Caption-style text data
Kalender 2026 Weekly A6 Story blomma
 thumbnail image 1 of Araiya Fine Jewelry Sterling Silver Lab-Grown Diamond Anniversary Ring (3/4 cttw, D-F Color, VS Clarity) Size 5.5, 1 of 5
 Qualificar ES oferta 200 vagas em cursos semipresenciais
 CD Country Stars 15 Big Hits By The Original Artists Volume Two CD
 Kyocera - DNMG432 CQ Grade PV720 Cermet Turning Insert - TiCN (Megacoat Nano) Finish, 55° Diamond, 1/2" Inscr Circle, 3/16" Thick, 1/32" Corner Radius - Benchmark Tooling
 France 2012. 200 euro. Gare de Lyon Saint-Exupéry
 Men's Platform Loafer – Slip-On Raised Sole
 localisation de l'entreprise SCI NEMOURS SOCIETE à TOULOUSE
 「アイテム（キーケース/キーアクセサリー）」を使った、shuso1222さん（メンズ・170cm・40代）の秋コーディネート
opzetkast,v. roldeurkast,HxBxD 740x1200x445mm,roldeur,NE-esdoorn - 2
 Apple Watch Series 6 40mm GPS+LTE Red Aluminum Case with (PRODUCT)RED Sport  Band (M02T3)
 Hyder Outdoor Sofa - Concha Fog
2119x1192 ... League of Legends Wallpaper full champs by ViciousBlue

# Problem description
Write out exactly those lines running from the line with "localisation de l'entreprise" to the end of the data above, the first and last included.

# Result of this exercise
 localisation de l'entreprise SCI NEMOURS SOCIETE à TOULOUSE
 「アイテム（キーケース/キーアクセサリー）」を使った、shuso1222さん（メンズ・170cm・40代）の秋コーディネート
opzetkast,v. roldeurkast,HxBxD 740x1200x445mm,roldeur,NE-esdoorn - 2
 Apple Watch Series 6 40mm GPS+LTE Red Aluminum Case with (PRODUCT)RED Sport  Band (M02T3)
 Hyder Outdoor Sofa - Concha Fog
2119x1192 ... League of Legends Wallpaper full champs by ViciousBlue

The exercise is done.